Readings for Eighth Sunday after Pentecost, 7/22/12:2 Samuel 7:1-14a, Psalm 89:20-37, Ephesians 2:11-22, Mark 6:30-34, 53-56
2 Samuel 7:1-14a:
- David feels bad that he's living in a nice house while God travels via tent in the ark. So he offers to build God a cedar house. And God says, "who says I need a house? I've been doing just fine without one!"
- I think David's impulse is ours - wouldn't it be nicer if we could put God somewhere where we would always know where God was? But we get into trouble when our wanting to know where God is turns into wanting just to control God - period.
- What would it mean if you would just led God travel through your life, and not try to restrict God to only a part of your life?
- Says Chris Haslam, "Overall, a king, on behalf of the people, laments some disaster and blames God for it, but our portion of the psalm recalls what God “spoke in a vision” (v. 19) to Nathan and/or David."
- Our part of the Psalm focuses on God talking about the power and anointing that he gives to David.
- If God was to write a promise out like this for you and what God has planned for your life, what do you think it would say? What do you hope it would say?
- "forever I will keep my steadfast love for him" - God's promise not just to David, but to us too.
- "For [Christ] is our peace; in his flesh he has made both groups into one and has broken down the dividing wall, that is, the hostility between us." Yes, yes, yes!! Oh, what a message we need to hear and live into in this time, this country, world, church, denomination...
- "one new humanity in the place of the two [groups]" - Why do we still live as if Christ had never eliminated the groups we've put ourselves into?
- "peace to you who were far off and peace to those who were near" - throughout, Paul is speaking about Gentiles and Jews. But we can always self apply. Do we always see ourselves as "those who [are] near" and everyone else as "far off" from Christ? He brings peace to both.

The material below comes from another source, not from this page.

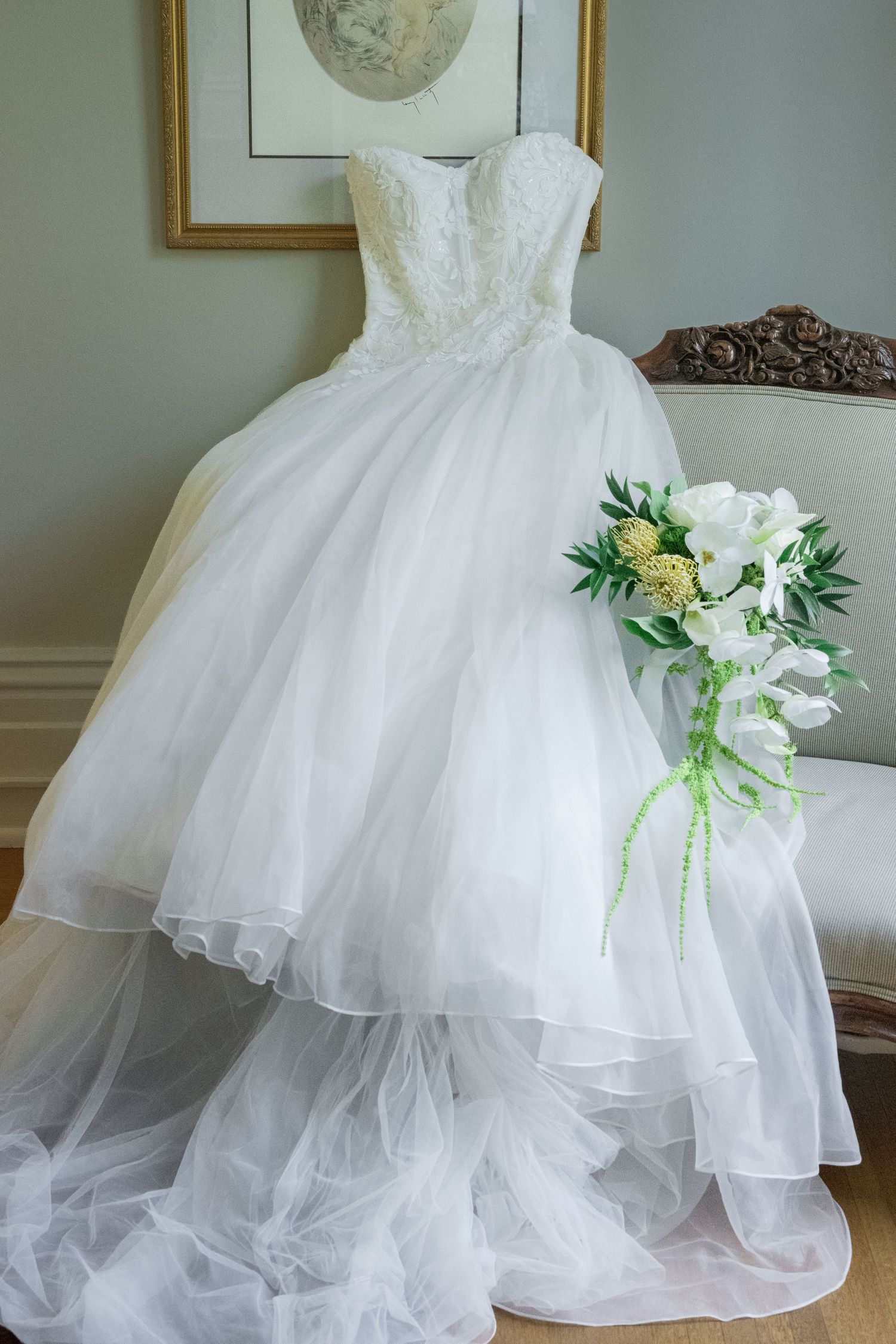 White strapless ball gown wedding dress with lace bodice displayed on chair with white floral bouquet.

- This scene takes place immediately after last week's text where John the Baptist is beheaded. Retreating, then, seems to be in response not only to the disciples returning, but also to John's death.
- "compassion for them" - the theme of Jesus' reaction towards the crowds throughout his ministry, even when he wants to be getting away. I wish I could say I always reacted the same way when I'm trying to get away and someone comes to me in need. The Greek word here for compassion is from splanchnizomai, which means literally to "feel bowels of pity" - it is a physical, gut reaction of the insides - your stomach literally turning over in compassion. That's what Jesus feels when he sees the crowds.
- "like sheep without a shepherd" - wandering, aimless, lost, without purpose. That's us at worst, isn't it?
- "rushed about the whole region" - imagine how excited they must have been to have an opportunity to meet with Jesus, considering the communication available to them to let people know he had arrived.
- relentless. The people were relentless in their pursuit of Jesus. Mark even indicates this in the pace of his short but relentlessly paced gospel. Very little rest in this account of Jesus.